INPUT RECORDS -
- - -
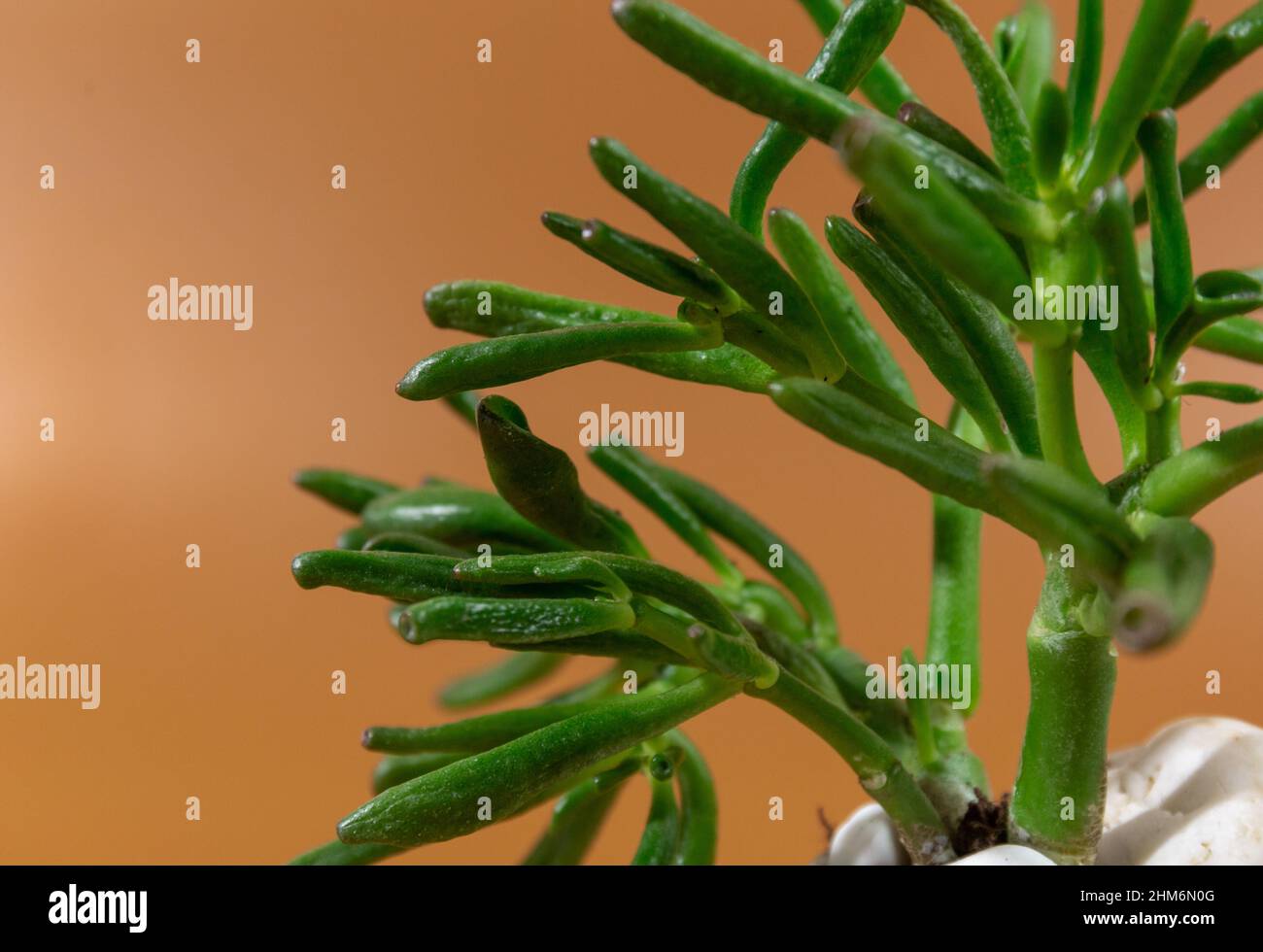 Crassula succulent plant in a white pot on brown background. Indoor gardening, houseplant care Stock Photo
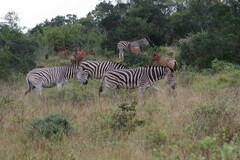 Equus quagga burchellii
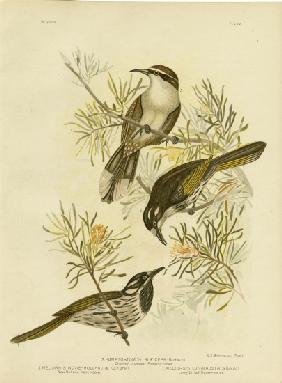 Long-Billed Honeyeater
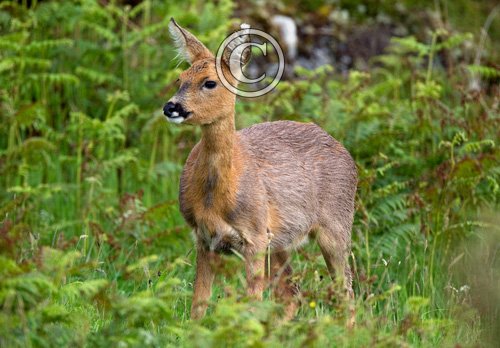 Roe Deer Doe DM1138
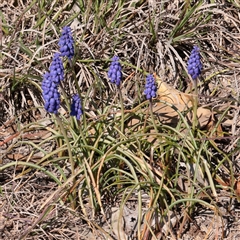 Muscari armeniacum (Grape Hyacinth) at O'Connor, ACT - 14 Sep 2025 by ConBoekel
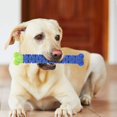 thumbnail image 4 of Cepillo de dientes para perros TANGJMXG silicona azul y verde, 4 of 5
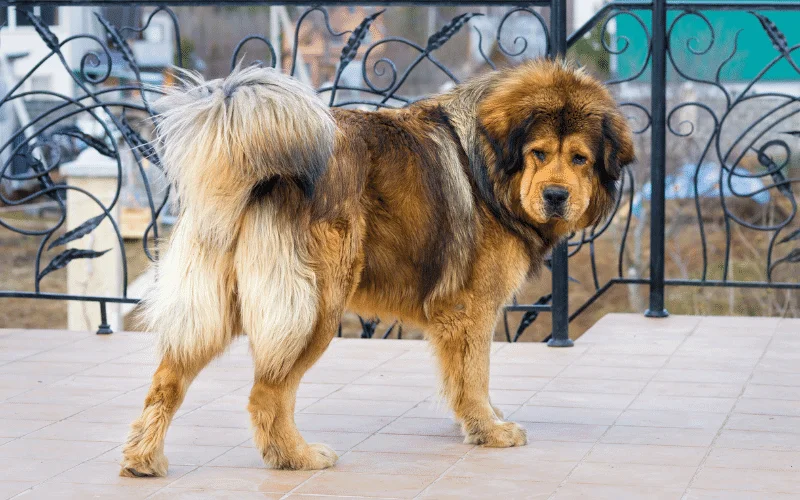 Tibetan Mastiff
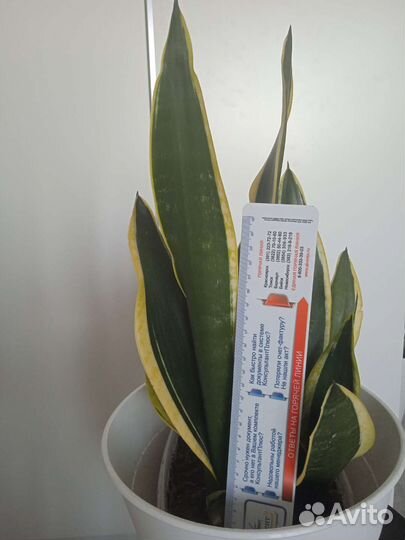 Сансевиерия Futura Black Gold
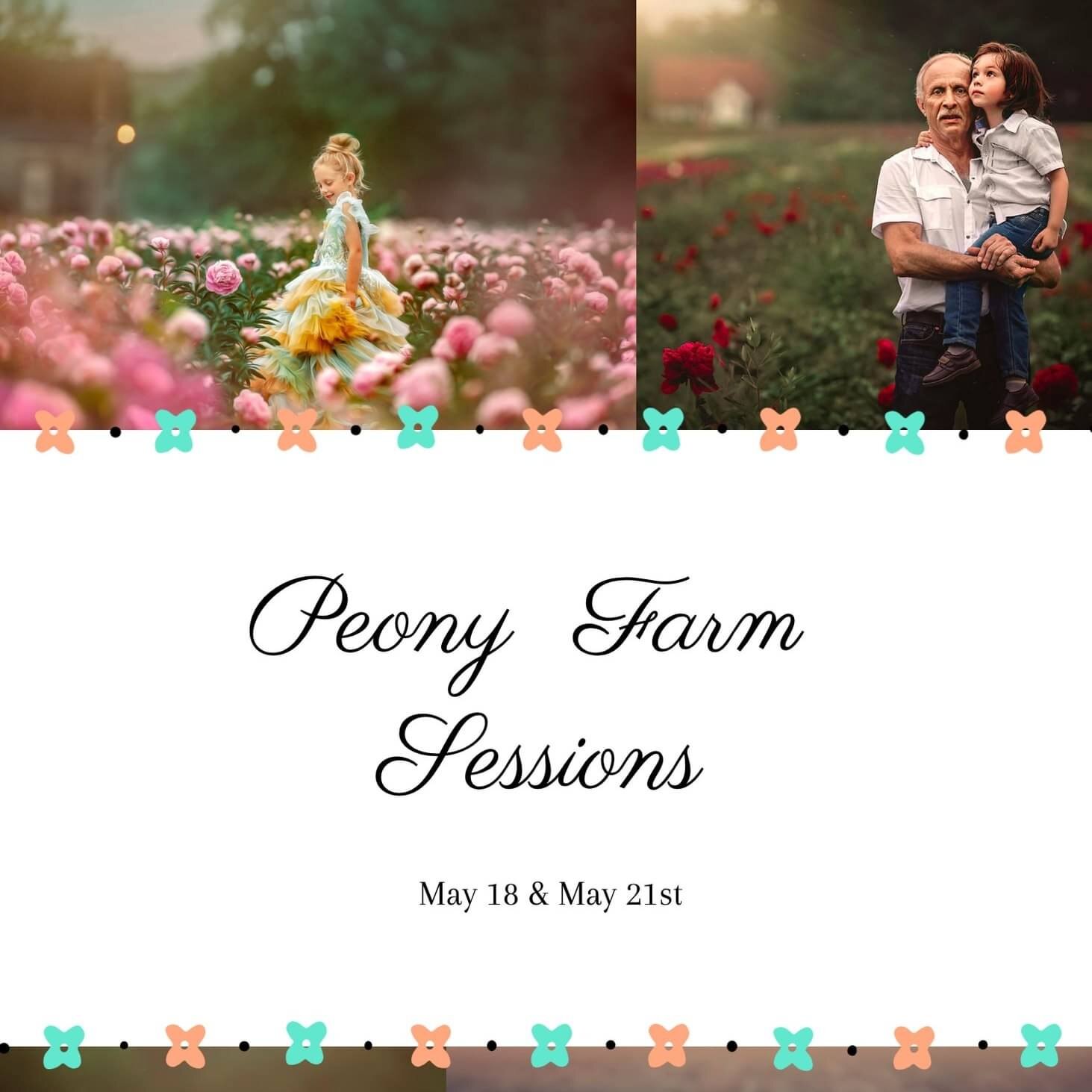 Our award-winning exclusive peony sessions have been released. We are the only photographer permitted to shoot here since 2015. We will have it exclusively to ourselves.  Peonies are one of my favorites to photograph. As you can see, many color optio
- - -
PROBLEM DESCRIPTION - Without the pictures, return each entry exactly as given.

ANSWER SECTION -
 Crassula succulent plant in a white pot on brown background. Indoor gardening, houseplant care Stock Photo
 Equus quagga burchellii
 Long-Billed Honeyeater
 Roe Deer Doe DM1138
 Muscari armeniacum (Grape Hyacinth) at O'Connor, ACT - 14 Sep 2025 by ConBoekel
 thumbnail image 4 of Cepillo de dientes para perros TANGJMXG silicona azul y verde, 4 of 5
 Tibetan Mastiff
 Сансевиерия Futura Black Gold
 Our award-winning exclusive peony sessions have been released. We are the only photographer permitted to shoot here since 2015. We will have it exclusively to ourselves.  Peonies are one of my favorites to photograph. As you can see, many color optio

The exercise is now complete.